TASK: Every line from the start of the data through the line containing "An example utilisation" should be retyped exactly; the pictures should not.
*** PROVIDED RECORDS Section Begins ***
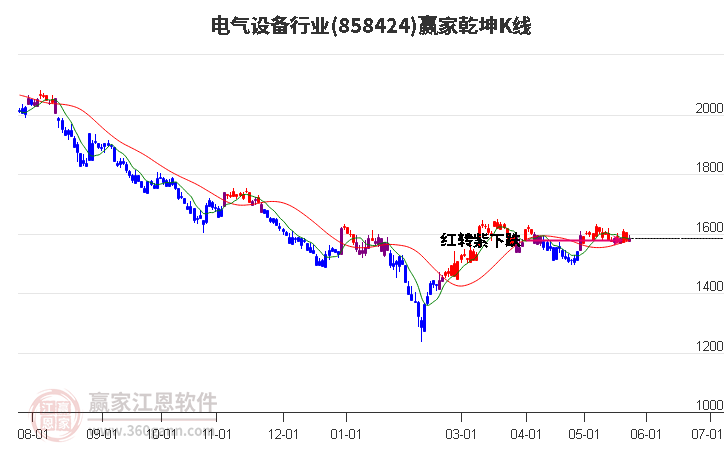 858424电气设备赢家乾坤K线工具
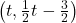 \left(t, \frac{1}{2} t - \frac{3}{2}\right)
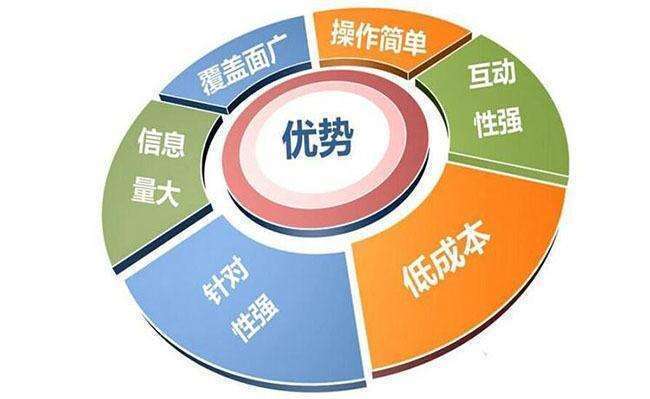 浅谈互联网营销 传统与数字渠道的有效整合策略
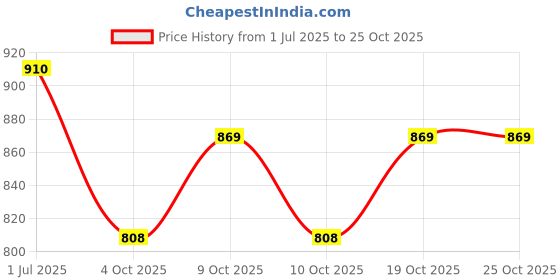 flipkart.com toytoria Baby swing for kids jhula jhoola bouncer jula unjal julna 1-6 Year Oonjal cradle Swings toytoria Price History Graph from 1 Jul 2025 to 25 Oct 2025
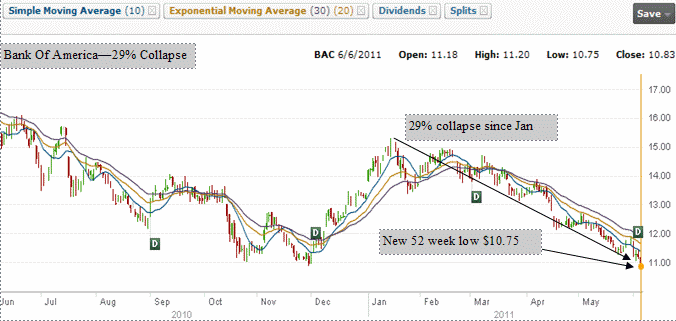 Bank Of America - down 29% since January 2011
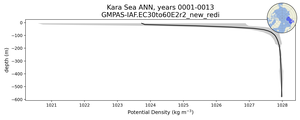 Kara Sea Potential Density vs depth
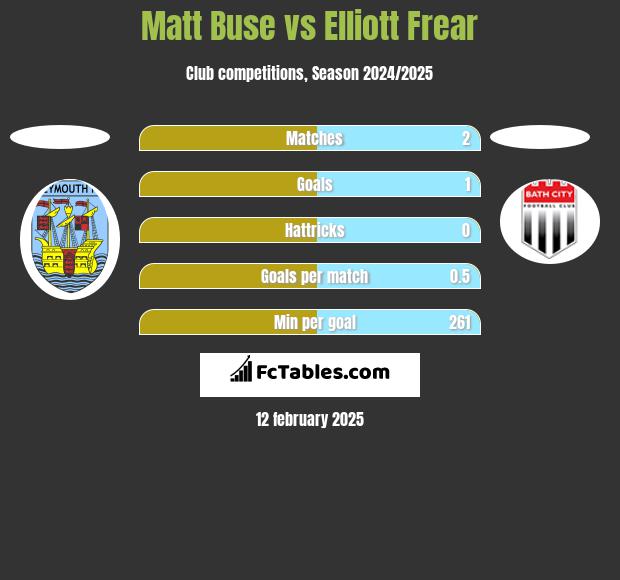 Matt Buse vs Elliott Frear h2h player stats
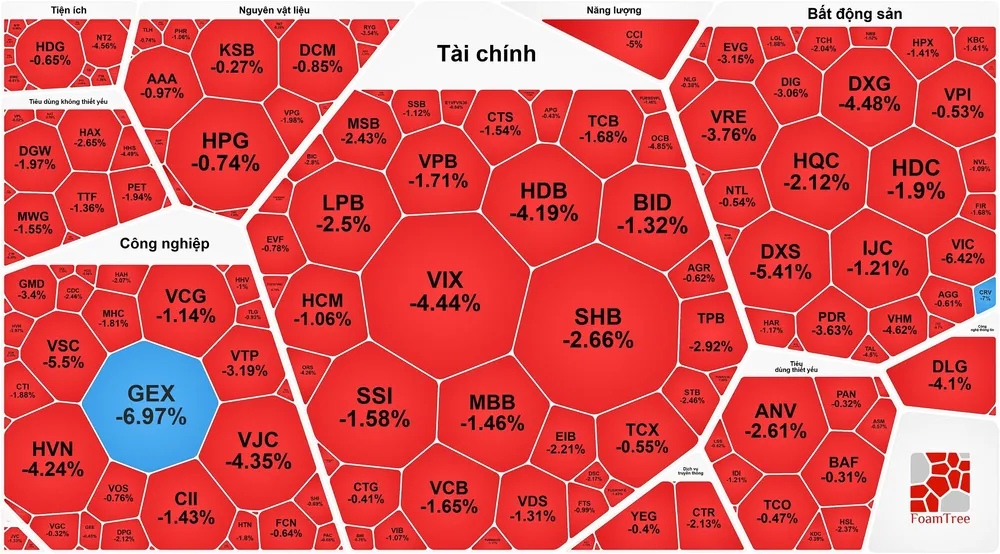 Chứng khoán chìm trong sắc đỏ
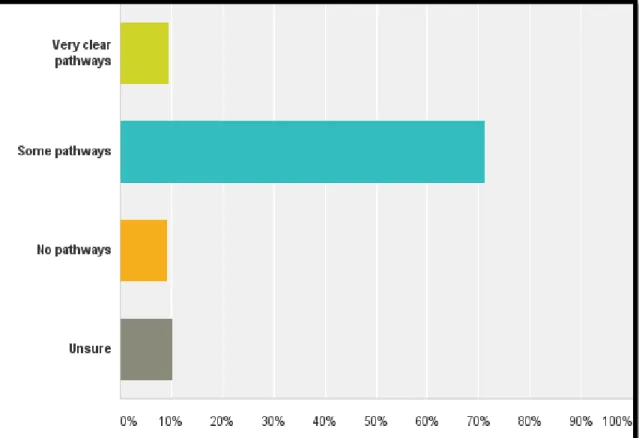 Figure 6.7: VET and Pathways to Higher Education 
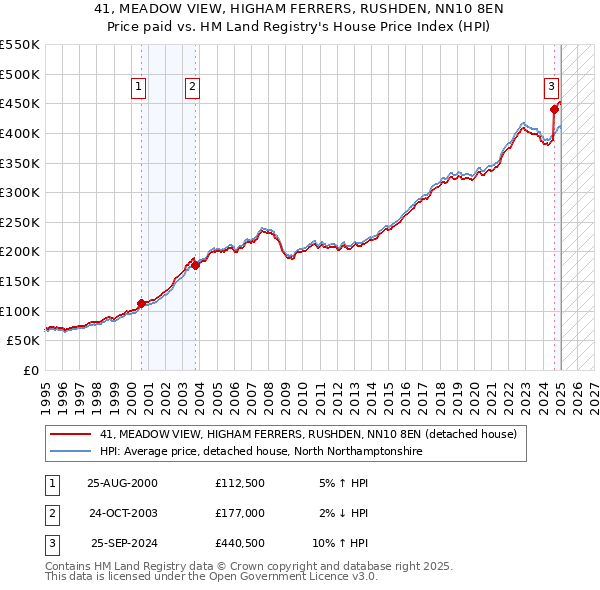 41, MEADOW VIEW, HIGHAM FERRERS, RUSHDEN, NN10 8EN: Price paid vs HM Land Registry's House Price Index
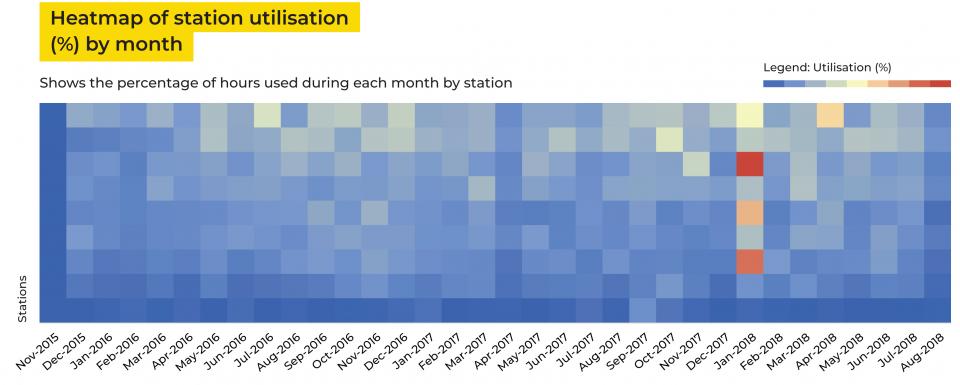 An example utilisation map from the tool of South Australian stations. 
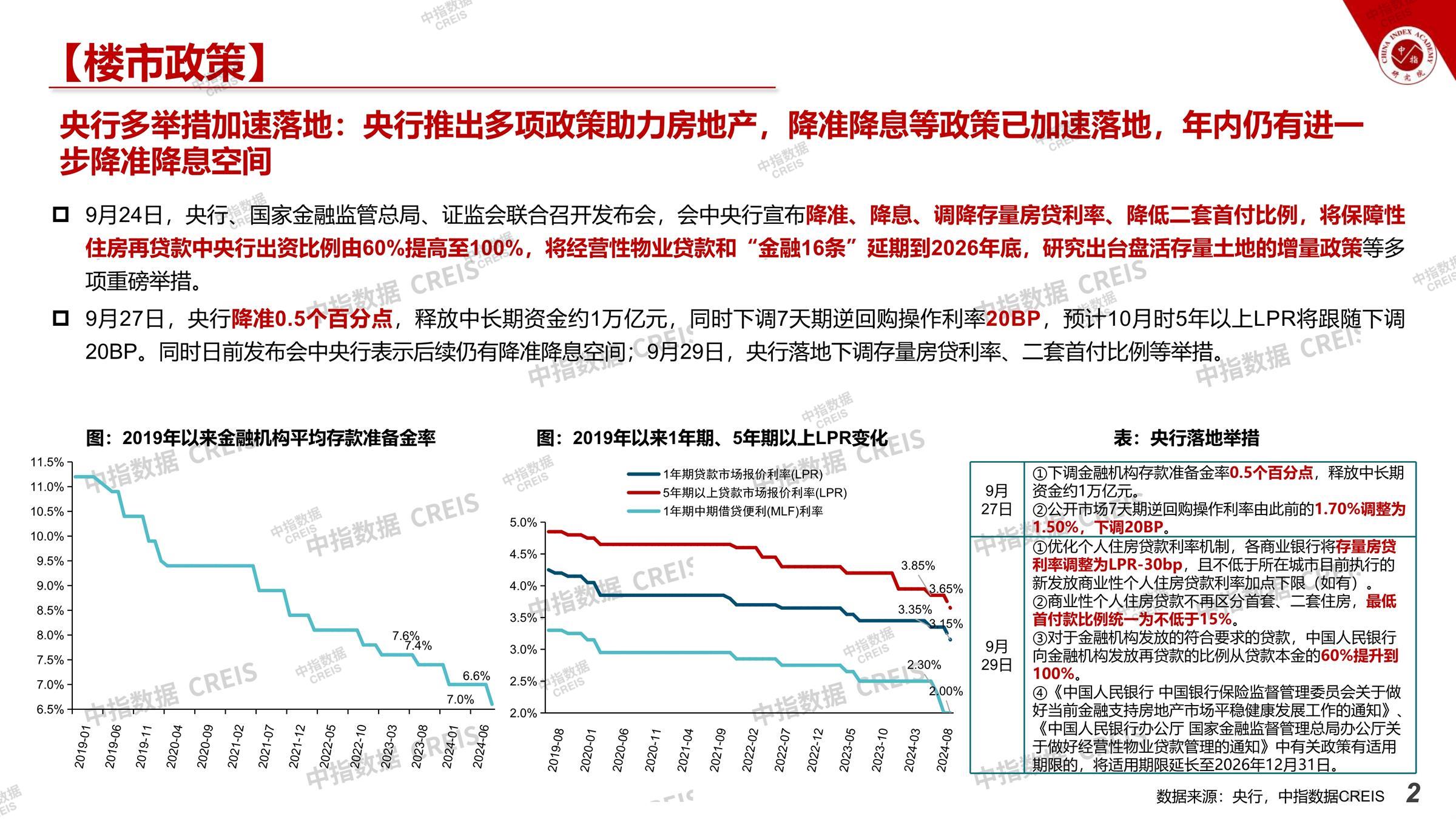 合肥、房地产市场、房产市场、住宅市场、商业市场、办公市场、商品房、施工面积、开发投资、新建住宅、新房项目、二手住宅、成交套数、成交面积、成交金额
*** PROVIDED RECORDS Section Ends ***
SOLUTION TO THIS TASK:
 858424电气设备赢家乾坤K线工具
 \left(t, \frac{1}{2} t - \frac{3}{2}\right)
 浅谈互联网营销 传统与数字渠道的有效整合策略
 flipkart.com toytoria Baby swing for kids jhula jhoola bouncer jula unjal julna 1-6 Year Oonjal cradle Swings toytoria Price History Graph from 1 Jul 2025 to 25 Oct 2025
 Bank Of America - down 29% since January 2011
 Kara Sea Potential Density vs depth
 Matt Buse vs Elliott Frear h2h player stats
 Chứng khoán chìm trong sắc đỏ
 Figure 6.7: VET and Pathways to Higher Education 
 41, MEADOW VIEW, HIGHAM FERRERS, RUSHDEN, NN10 8EN: Price paid vs HM Land Registry's House Price Index
 An example utilisation map from the tool of South Australian stations. 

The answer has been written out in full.